A push to fix the Voting Rights Act has stalled in Washington. But a trial taking place this week in a sleepy San Antonio courtroom could help revive the landmark law without Congress lifting a finger. At issue in the case is a redistricting plan approved in 2011 by Texas’s Republican legislature. The Obama administration charges that the plan intentionally discriminated against the state’s soaring Hispanic population in an effort to boost the GOP’s share of seats in Congress and the statehouse. Texas admits the plan was designed to help Republicans—which isn’t illegal—but says it did not aim to target Hispanics. If a three-judge panel rules against Texas, it likely would not affect the state’s congressional district maps, because a federal court has already rejected the original maps and created new ones that are fairer. Instead, the implications would be much bigger—potentially even bolstering voting protections for racial minorities in states across the country.

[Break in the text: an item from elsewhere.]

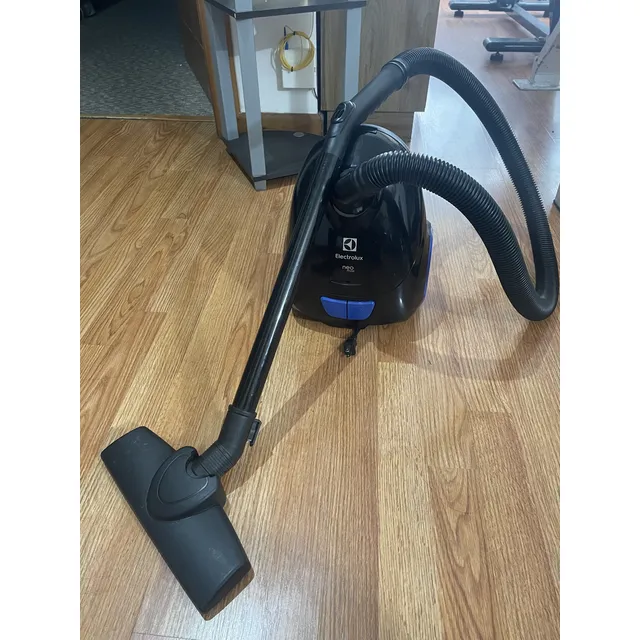 Aspiradora De Polvo Modelo Neo31. Potencia 1200w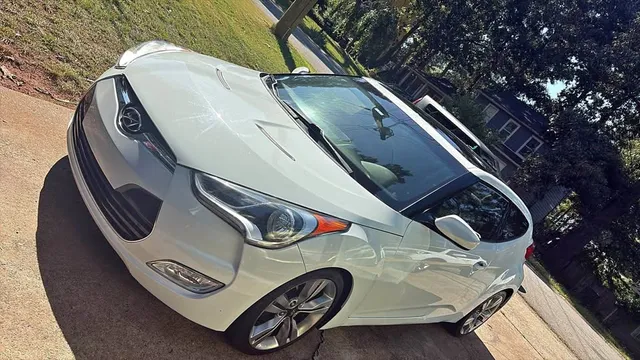 2012 Hyundai Veloster Value Edition Coupe 3D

“What happens in Texas will have consequences around the nation,” said Michael Li, an election lawyer who was based in Dallas until recently, and is now at the Brennan Center for Justice at New York University School of Law. “That’s why a lot of voting rights advocates are watching it closely.”
Here’s why: Justice Department lawyers say Texas’s intentional discrimination means the court should put it back under the system of federal “pre-clearance” for its voting laws that was ended when the Supreme Court invalidated Section 5 of the Voting Rights Act last year in the Shelby County ruling. To make that claim, DOJ cites Section 3 of the law, which allows states to be put under federal supervision if they’re found to have shown deliberate racial bias in their voting system.
Section 3 didn’t get much use while Section 5 was still in effect. But since Shelby, it has emerged as a possible savior for voting rights advocates. One influential 2010 law journal article called it the Voting Rights Act’s “secret weapon.”